FuguReport

Referring Multiple Regions with Large Multimodal Models via Contextual Latent Steering

Authors Yun Xing, Hanyuan Liu, Jiahao Nie, Shijian Lu
Affiliations Nanyang Technological University
Categories Method / Latent Variable Methods / Training-free contextual steering approach, Application / Visual Grounding / Region referring in multimodal models, Evaluation / Model Evaluation / Performance comparison of contextual steering
License CC BY-SA 4.0

Abstract Overview

This paper addresses multi-region visual referring in large multimodal models (LMMs), where multiple marked regions must be interpreted jointly, sometimes requiring global scene context.
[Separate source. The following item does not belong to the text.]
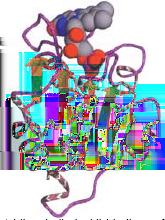 SCOP example 1 Root SCOP 2 Class α/β, mainly parallel β-sheets (β α β units) 3 Fold Flavodoxin-like: 3 layers, α/β/α; parallel β-sheet of 5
The authors propose Contextual Latent Steering (CSteer), a training-free method that pre-computes contextual steering vectors from contrastive examples and applies representation editing at inference time without fine-tuning or architectural modifications. The vectors encode behaviors useful for referring, such as distinguishing among multiple marked regions and incorporating broader contextual cues. Experiments evaluate the method on GAR-Bench, INST-IT, VIP-Bench, and BLINK benchmarks, with ablations on vector construction, layer selection, steering decomposition, and data scale.

Novelty

The key contribution is a training-free method to improve multi-region visual referring in general LMMs without adding a region encoder, fine-tuning, or architectural modification. The approach builds steering vectors from incorrect model rollouts paired with LLM-judge-corrected referential rewrites, then applies decomposed steering to query tokens at early layers and marker tokens during decoding at middle-to-late layers.

Results

CSteer consistently improves strong general LMM baselines over Set-of-Mark prompting across multiple benchmarks. On Qwen3-VL-8B, it raises INST-IT image open-ended performance from 78.5 to 80.4 and video multiple-choice from 58.2 to 60.1, improves GAR-Bench OE from 52.5 to 57.4, and increases VIP-Bench average from 71.5 to 74.7 and BLINK from 55.9 to 57.5. Ablations confirm that rewrite-based vector construction and decomposed steering are the most effective design choices.

Key Points

  1. CSteer targets a specific weakness of general LMMs: referring to multiple marked regions simultaneously, especially when correct answers depend on contextual scene understanding rather than isolated object recognition.
  2. The method derives contextual steering vectors from contrastive hidden-state differences, with the strongest variant using false rollouts paired with LLM-corrected rewrites to capture referential corrections.
  3. Ablations show that early-layer in-query steering and mid-to-late-layer decoding steering play complementary roles, and that gains are consistent across data scales (32 to 1024 samples), input domains (images and videos), and prompting formats (points, boxes, numerical identifiers).

References

This page was created using generative AI such as GPT-5, Claude Opus 4, Gemini 3, Gemini 3.1 Flash Image, and their higher-end successor versions. No guarantee can be made regarding its contents.